Facebook has rolled out an extension to its security bug bounty, offering rewards to anyone with proof or first-hand knowledge of a policy violation of the type that led to the Cambridge Analytica scandal.
Facebook announced the new Data Abuse Bounty today as CEO Mark Zuckerberg was Washington preparing to testify before Congress about how the company handles user data, election meddling and what it's doing to act against threats before they occur.
Facebook COO Sheryl Sandberg said the program was aimed at exactly the type of behavior that led to Cambridge Analytica acquiring personal data on as many as 78 million Facebook users.
“We’re looking for cases where people or groups have collected data using an app connected to Facebook and then sold or transferred that data to another company where it can potentially be abused. This type of behavior is unacceptable and violates our policies,” wrote Sandberg.
Facebook is interested in data collected legitimately from a Facebook platform app that was then sold, stolen or transferred to another company without Facebook’s authorization.
Anyone who submits a report will need to have direct first-hand knowledge that data has been transferred to a third-party and proof that it has occurred in the form of personal user data from Facebook, emails, contracts and company names. Facebook won't accept illegally acquired evidence.

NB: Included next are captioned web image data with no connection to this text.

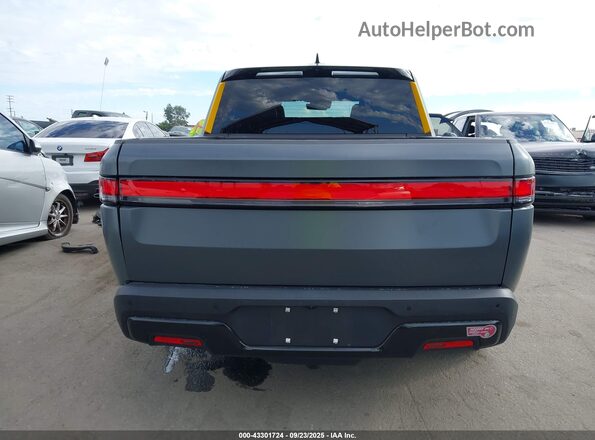 7FCTGAAAXPN018860 2023 RIVIAN R1T Gray 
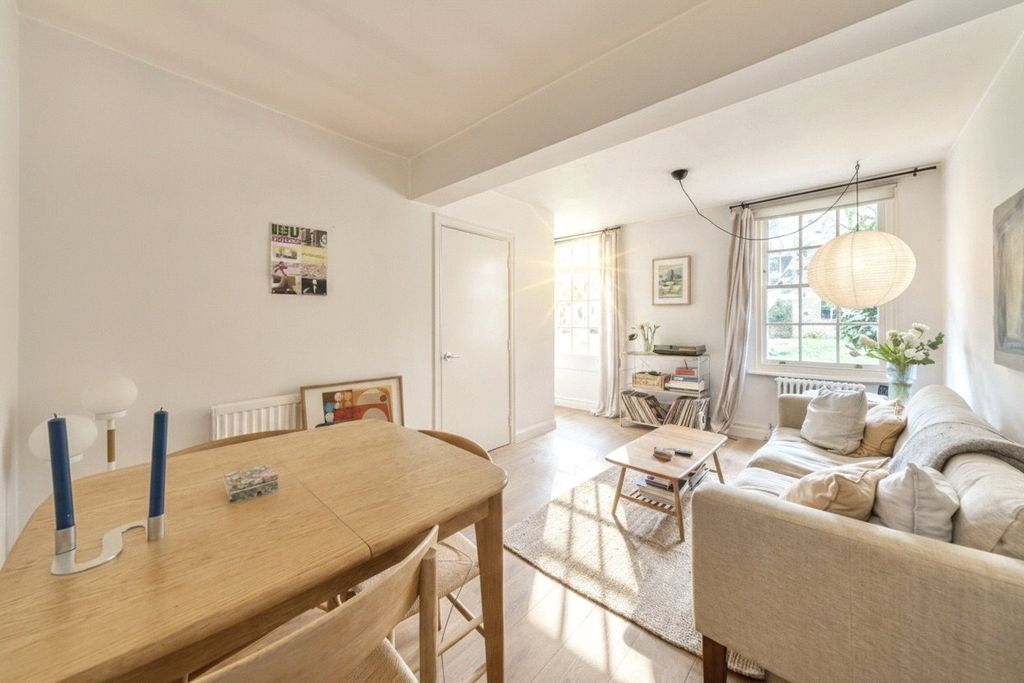 Property photo 2 of 12 Reception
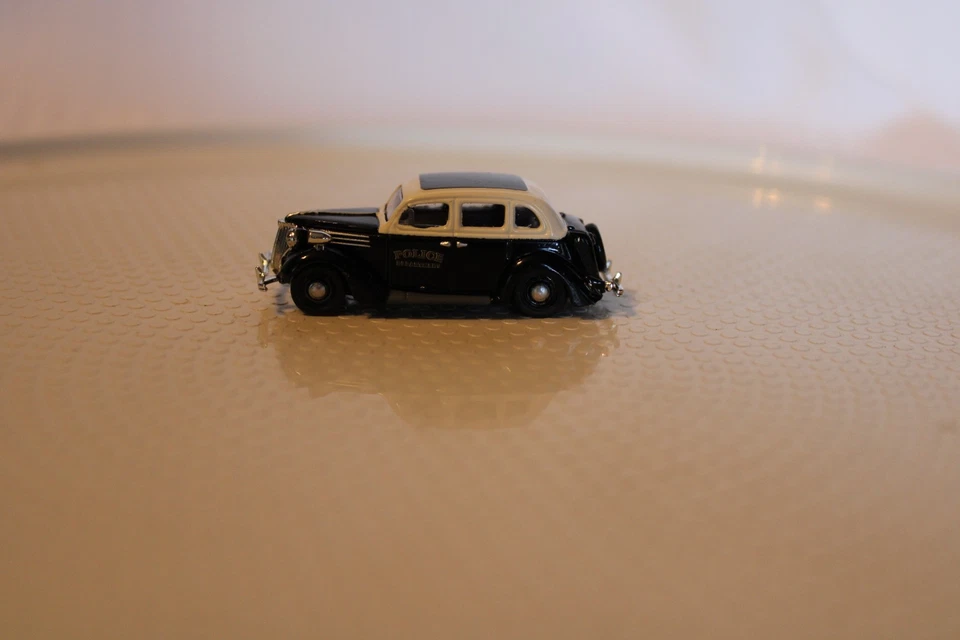 HO Scale Mini Metals, 1930s 4 Door Ford Police Car, Black & White - Image 3 of 4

To be eligible for a reward, reporters will need to find a case Facebook didn’t already know about and where more than 10,000 Facebook users are affected. The case can’t just involve data collection, but “definitive abuse of data”. Facebook says it may take up to 6 months or even longer to investigate an accusation.

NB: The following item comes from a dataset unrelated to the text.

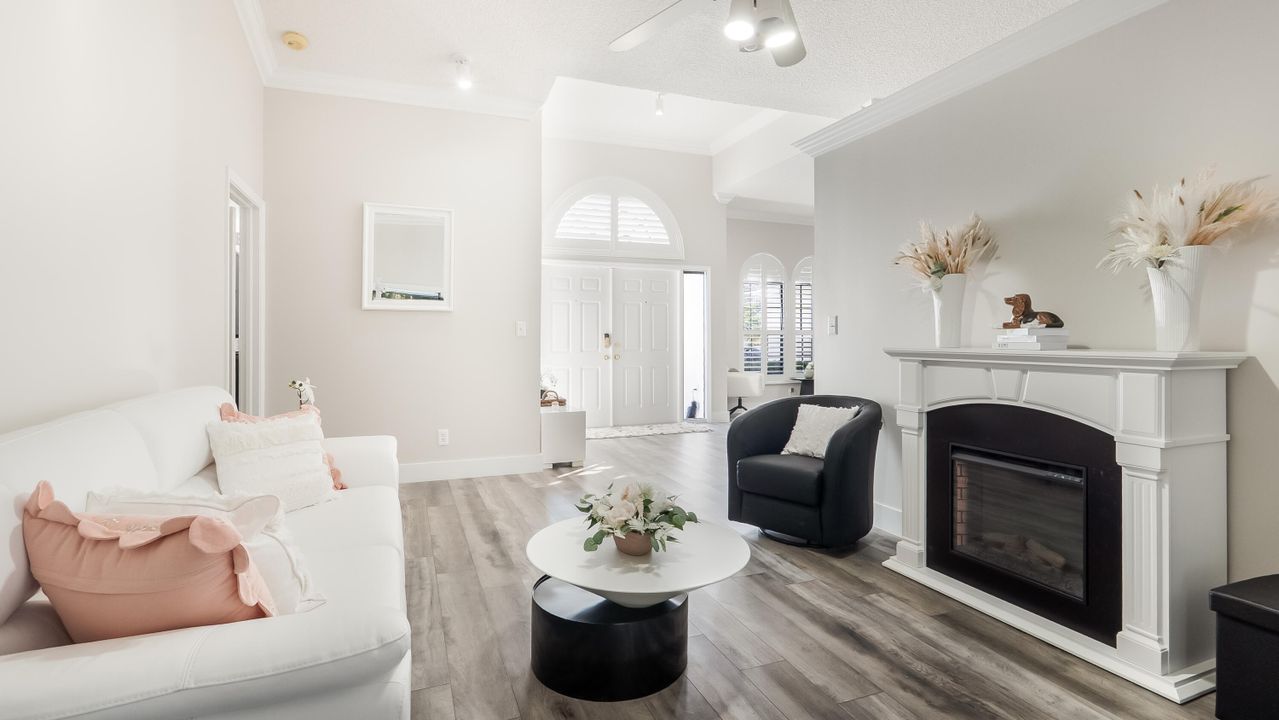 待售: $875,000 (4 贝兹, 2 浴室, 2283 平方英尺)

The data abuse bounty is part of a slew of platform changes Facebook has announced over the past month in response to criticism over how it’s handled what it calls a “breach of trust”. These include its new Privacy Shortcuts, new restrictions on APIs, shutting down Facebook targeting using third-party brokers’ data, and informing users that were affected by Cambridge Analytica.
Today it also announced changes to user access tokens for apps that use Facebook Login for signing in. Over the next two weeks any apps with tokens for users who haven’t logged in in the last 90 days and consented to the app’s permissions will expire. And from now on users will need to login through the Facebook Login process every 90 days and provide consent for the app’s permissions.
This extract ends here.